# Task to carry out:
Restating the data word for word is all that is required.

# Recorded information:
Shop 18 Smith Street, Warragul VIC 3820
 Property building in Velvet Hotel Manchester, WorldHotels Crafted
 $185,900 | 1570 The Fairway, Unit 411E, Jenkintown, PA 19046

# Output for this exercise:
Shop 18 Smith Street, Warragul VIC 3820
 Property building in Velvet Hotel Manchester, WorldHotels Crafted
 $185,900 | 1570 The Fairway, Unit 411E, Jenkintown, PA 19046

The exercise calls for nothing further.